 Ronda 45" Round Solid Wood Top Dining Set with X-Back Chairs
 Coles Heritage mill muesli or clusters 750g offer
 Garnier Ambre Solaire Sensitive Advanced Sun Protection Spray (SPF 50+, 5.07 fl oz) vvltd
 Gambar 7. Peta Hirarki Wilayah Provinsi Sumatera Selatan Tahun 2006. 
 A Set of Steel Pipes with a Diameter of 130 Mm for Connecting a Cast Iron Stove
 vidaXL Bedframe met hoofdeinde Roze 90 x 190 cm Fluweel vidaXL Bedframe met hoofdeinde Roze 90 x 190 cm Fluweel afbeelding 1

-*-*-

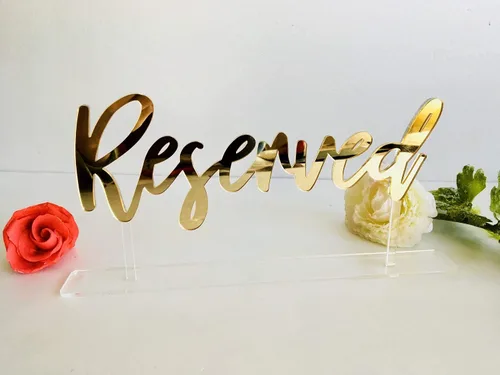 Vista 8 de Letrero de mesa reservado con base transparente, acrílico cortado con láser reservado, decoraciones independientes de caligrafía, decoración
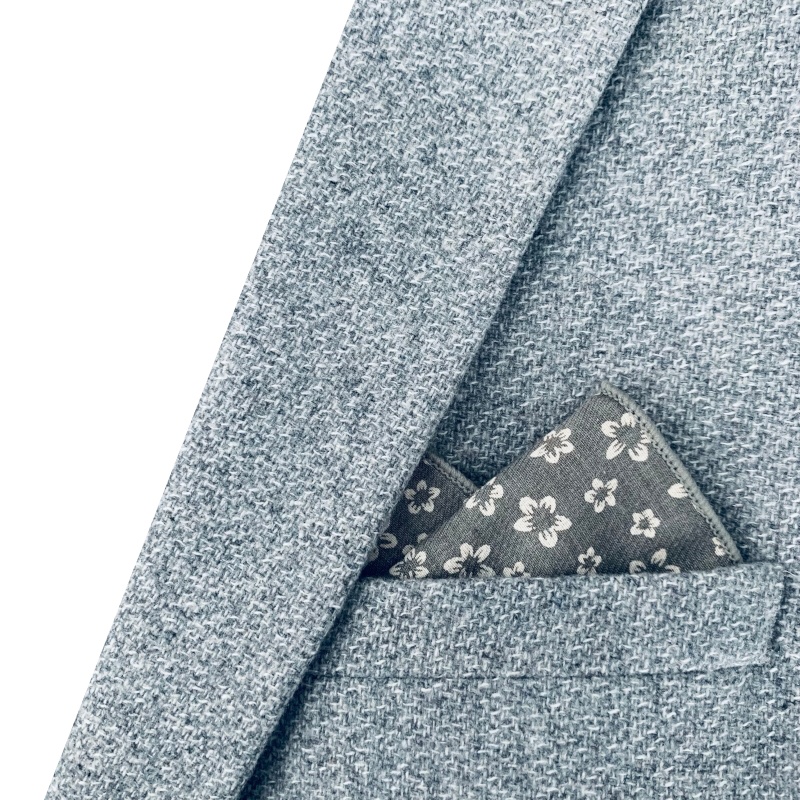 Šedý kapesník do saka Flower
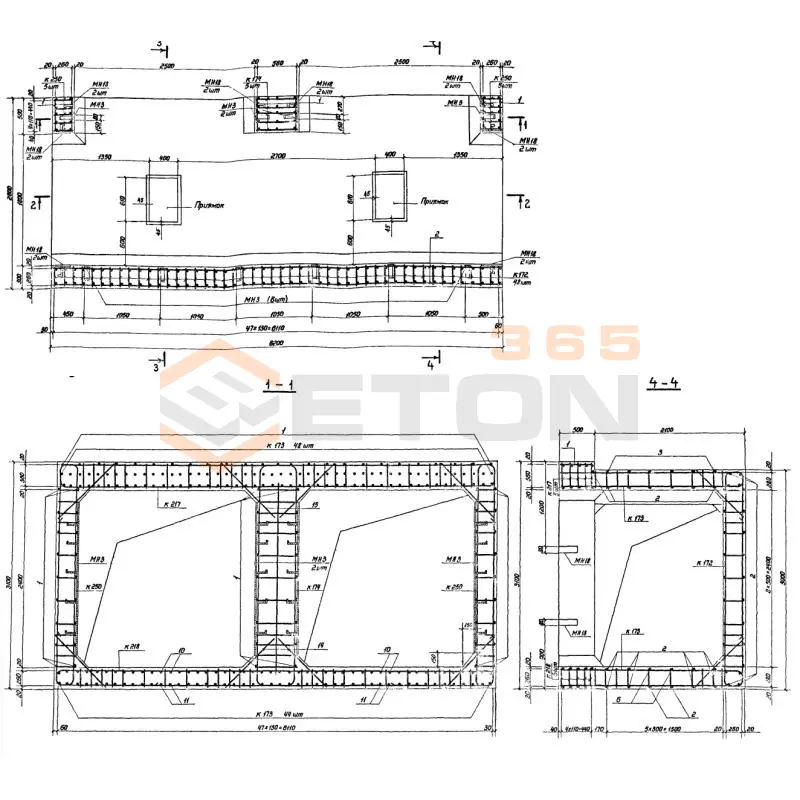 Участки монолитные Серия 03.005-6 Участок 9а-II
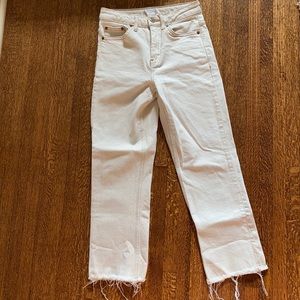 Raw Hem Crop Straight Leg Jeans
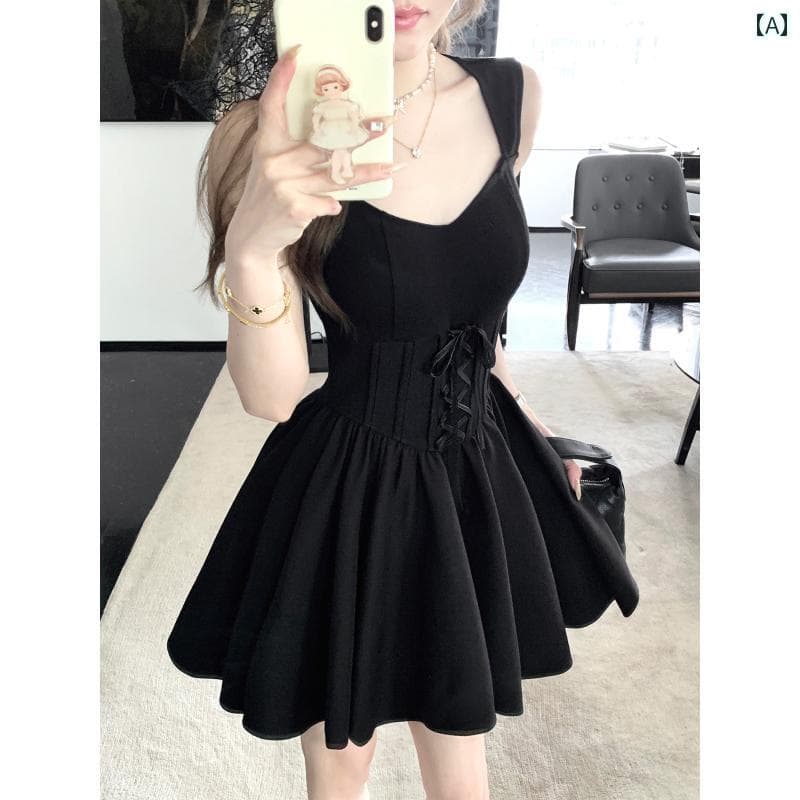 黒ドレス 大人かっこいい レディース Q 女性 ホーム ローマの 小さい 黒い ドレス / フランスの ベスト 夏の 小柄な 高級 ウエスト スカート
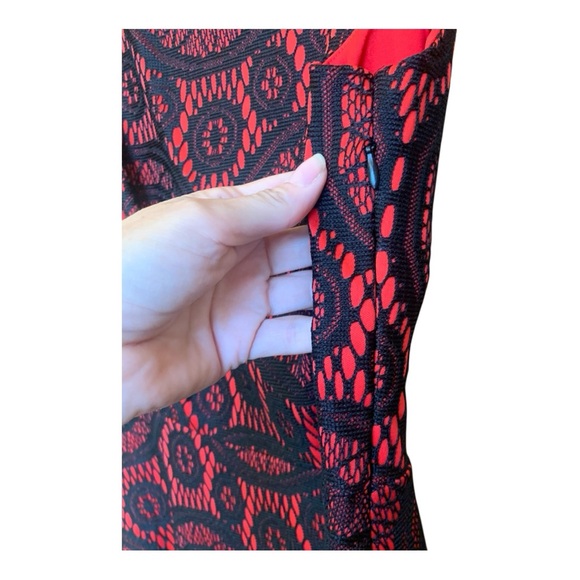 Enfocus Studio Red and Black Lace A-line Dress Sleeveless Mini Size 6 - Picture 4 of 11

-*-*-

(EXERCISE OBJECTIVE)
Once the line with "Garnier Ambre Solaire" is found in the records above, print exactly that line and every line after it through the line with "vidaXL Bedframe met hoofdeinde Roze 90 x 190 cm Fluweel vidaXL".

(SOLUTION TO THIS TASK)
 Garnier Ambre Solaire Sensitive Advanced Sun Protection Spray (SPF 50+, 5.07 fl oz) vvltd
 Gambar 7. Peta Hirarki Wilayah Provinsi Sumatera Selatan Tahun 2006. 
 A Set of Steel Pipes with a Diameter of 130 Mm for Connecting a Cast Iron Stove
 vidaXL Bedframe met hoofdeinde Roze 90 x 190 cm Fluweel vidaXL Bedframe met hoofdeinde Roze 90 x 190 cm Fluweel afbeelding 1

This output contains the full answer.